Under "Professional Practices," Sharp explained, "they plan education strategies, they encourage development of student goals, they communicate with students and parents, they maintain a positive classroom environment, and they utilize the district's curriculum."
Professional Impact, Sharp said, involves demonstrated student performances. Measured under that realm are the student's active participation, the student's demonstration of knowledge of the subject matter, the demonstration of positive interaction with each other, student enthusiasm, and self-directedness.
"All this is to be discussed with administrators and teachers," Sharp said, "and some of these criterion are conditional."
The measurement of academic performance on unit tests is also recommended in Sharp's draft.
"That's a valid measurement of student performance based upon a classroom lesson," he said.

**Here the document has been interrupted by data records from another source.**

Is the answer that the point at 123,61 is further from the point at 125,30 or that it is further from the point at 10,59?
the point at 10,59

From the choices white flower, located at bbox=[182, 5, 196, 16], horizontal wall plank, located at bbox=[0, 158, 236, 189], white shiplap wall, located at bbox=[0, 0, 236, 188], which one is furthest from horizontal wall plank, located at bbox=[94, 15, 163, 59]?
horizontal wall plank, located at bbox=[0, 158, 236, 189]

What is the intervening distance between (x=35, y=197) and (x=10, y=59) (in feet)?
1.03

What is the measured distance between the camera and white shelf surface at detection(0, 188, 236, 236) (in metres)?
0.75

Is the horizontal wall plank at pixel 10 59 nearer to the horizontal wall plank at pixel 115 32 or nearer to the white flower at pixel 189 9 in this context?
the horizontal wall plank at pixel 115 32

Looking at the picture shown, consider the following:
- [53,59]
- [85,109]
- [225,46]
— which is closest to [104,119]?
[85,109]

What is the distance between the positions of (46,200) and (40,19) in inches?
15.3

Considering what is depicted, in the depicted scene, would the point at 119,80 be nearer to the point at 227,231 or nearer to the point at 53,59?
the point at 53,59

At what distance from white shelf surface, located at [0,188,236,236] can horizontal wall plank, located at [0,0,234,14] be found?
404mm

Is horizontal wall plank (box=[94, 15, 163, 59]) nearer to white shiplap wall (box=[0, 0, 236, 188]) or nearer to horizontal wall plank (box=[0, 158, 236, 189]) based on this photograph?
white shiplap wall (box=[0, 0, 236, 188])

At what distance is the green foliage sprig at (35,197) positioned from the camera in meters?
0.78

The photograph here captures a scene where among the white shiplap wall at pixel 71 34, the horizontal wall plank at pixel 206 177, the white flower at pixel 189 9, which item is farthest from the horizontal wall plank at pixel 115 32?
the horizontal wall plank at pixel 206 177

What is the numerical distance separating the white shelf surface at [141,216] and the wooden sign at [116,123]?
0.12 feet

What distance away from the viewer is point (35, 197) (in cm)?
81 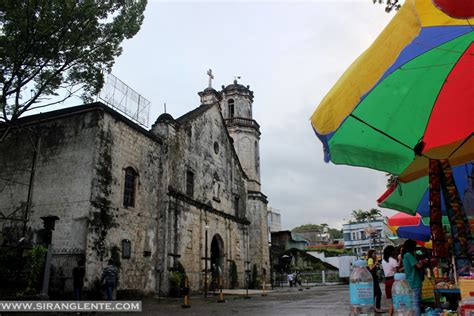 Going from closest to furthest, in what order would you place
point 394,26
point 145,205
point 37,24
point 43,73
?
1. point 394,26
2. point 37,24
3. point 43,73
4. point 145,205

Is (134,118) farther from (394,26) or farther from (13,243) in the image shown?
(394,26)

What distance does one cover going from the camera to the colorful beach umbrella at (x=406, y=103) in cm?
391

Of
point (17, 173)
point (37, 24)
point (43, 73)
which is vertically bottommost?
point (17, 173)

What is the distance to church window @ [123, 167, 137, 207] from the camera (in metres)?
16.8

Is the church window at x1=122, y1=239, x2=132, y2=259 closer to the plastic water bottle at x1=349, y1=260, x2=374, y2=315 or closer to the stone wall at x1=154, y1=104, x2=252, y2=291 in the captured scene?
the stone wall at x1=154, y1=104, x2=252, y2=291

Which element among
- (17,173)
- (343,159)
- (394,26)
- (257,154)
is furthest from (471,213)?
(257,154)

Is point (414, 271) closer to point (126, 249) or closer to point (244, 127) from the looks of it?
point (126, 249)

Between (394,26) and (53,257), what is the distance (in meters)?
14.1

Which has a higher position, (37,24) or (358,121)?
(37,24)

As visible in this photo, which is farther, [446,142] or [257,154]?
[257,154]

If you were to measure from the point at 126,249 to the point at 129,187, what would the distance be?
2.73 metres

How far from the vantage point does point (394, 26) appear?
11.7 feet

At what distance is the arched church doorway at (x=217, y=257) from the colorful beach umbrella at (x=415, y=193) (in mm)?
15852

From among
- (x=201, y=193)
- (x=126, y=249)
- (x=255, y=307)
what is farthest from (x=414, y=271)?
(x=201, y=193) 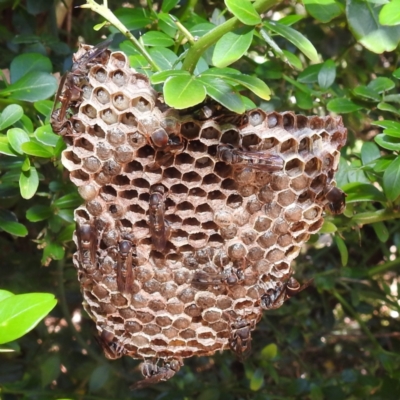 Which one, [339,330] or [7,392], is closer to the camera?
[7,392]

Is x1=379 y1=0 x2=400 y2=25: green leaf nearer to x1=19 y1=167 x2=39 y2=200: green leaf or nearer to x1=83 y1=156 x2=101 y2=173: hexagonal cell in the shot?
→ x1=83 y1=156 x2=101 y2=173: hexagonal cell

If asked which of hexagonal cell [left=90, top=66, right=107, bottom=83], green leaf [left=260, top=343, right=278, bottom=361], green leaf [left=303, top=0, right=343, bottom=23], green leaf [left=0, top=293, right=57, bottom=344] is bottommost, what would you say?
green leaf [left=260, top=343, right=278, bottom=361]

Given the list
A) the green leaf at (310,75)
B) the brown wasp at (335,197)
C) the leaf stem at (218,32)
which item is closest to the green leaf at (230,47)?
the leaf stem at (218,32)

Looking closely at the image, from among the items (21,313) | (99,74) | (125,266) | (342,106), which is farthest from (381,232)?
(21,313)

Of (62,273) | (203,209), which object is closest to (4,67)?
(62,273)

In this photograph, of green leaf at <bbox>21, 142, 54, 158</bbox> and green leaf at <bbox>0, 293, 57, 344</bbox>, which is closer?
green leaf at <bbox>0, 293, 57, 344</bbox>

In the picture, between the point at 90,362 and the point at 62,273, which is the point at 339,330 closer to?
the point at 90,362

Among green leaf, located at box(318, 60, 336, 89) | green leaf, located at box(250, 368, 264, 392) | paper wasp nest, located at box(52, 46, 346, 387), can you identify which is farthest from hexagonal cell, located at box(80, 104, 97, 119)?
green leaf, located at box(250, 368, 264, 392)

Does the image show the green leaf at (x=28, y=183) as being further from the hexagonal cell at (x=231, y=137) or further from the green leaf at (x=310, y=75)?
A: the green leaf at (x=310, y=75) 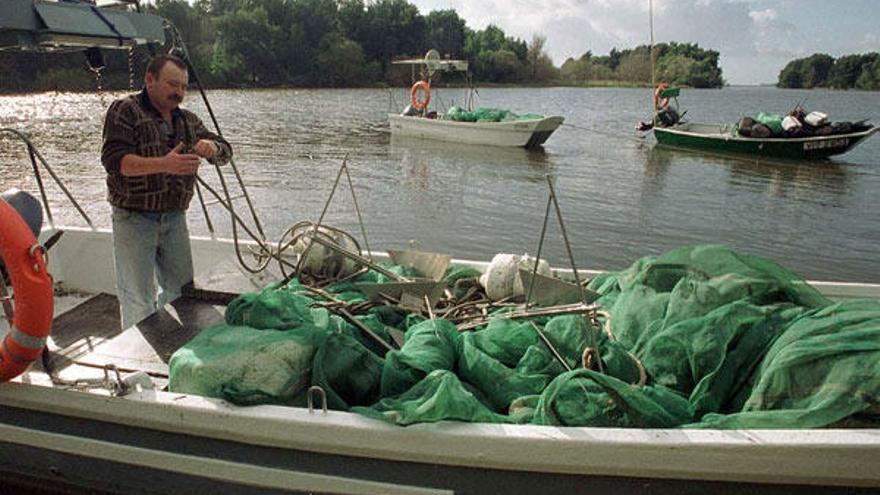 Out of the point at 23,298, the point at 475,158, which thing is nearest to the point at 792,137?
the point at 475,158

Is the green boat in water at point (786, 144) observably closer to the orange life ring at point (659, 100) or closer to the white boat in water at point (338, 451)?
the orange life ring at point (659, 100)

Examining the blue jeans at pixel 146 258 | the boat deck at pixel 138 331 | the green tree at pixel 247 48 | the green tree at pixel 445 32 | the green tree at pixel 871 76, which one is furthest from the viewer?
the green tree at pixel 445 32

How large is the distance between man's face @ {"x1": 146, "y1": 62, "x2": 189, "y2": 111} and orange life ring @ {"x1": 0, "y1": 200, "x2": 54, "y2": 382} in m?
1.09

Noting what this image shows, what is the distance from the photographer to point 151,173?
3566mm

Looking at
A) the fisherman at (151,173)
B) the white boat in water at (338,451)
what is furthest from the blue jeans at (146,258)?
the white boat in water at (338,451)

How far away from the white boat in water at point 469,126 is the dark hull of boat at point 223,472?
18.4 m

The term, "validation" is one that pops up often in discussing the development of a comprehensive evaluation tool.
"Tests have to have some kind of educational measurement tool in order to establish the validity of the results you're getting as a teacher," Sharp stated.
Although the verbage within the draft may appear to some to require a significant amount of paperwork, Sharp said that's not the case.
"We're not asking teachers to do a lot more work. Certainly, in order to use test results generated by the teacher, you have to have some confidence and validity in the instrument that you've created, and we'll be talking about that more and more -- valid measurement instruments."
The drafted evaluation tool also addresses diagnostic testing, which Sharp said can also be used to "substantiate to the evaluator and be presented by the teacher to indicate that their students are learning."
Dexter's Certified Teachers Association (CTA) will be bringing suggested changes and/or additions to the table in the immediate future as administrators and certified staff meet to develop a final version of the evaluation tool.
"Again," Sharp reminded board members, "this is a very, very, big deal academically and is not something to be taken lightly. We have to have an instrument in place that meets the required state measurements."
The new evaluation process will be implemented at the start of the 2014-15 school year.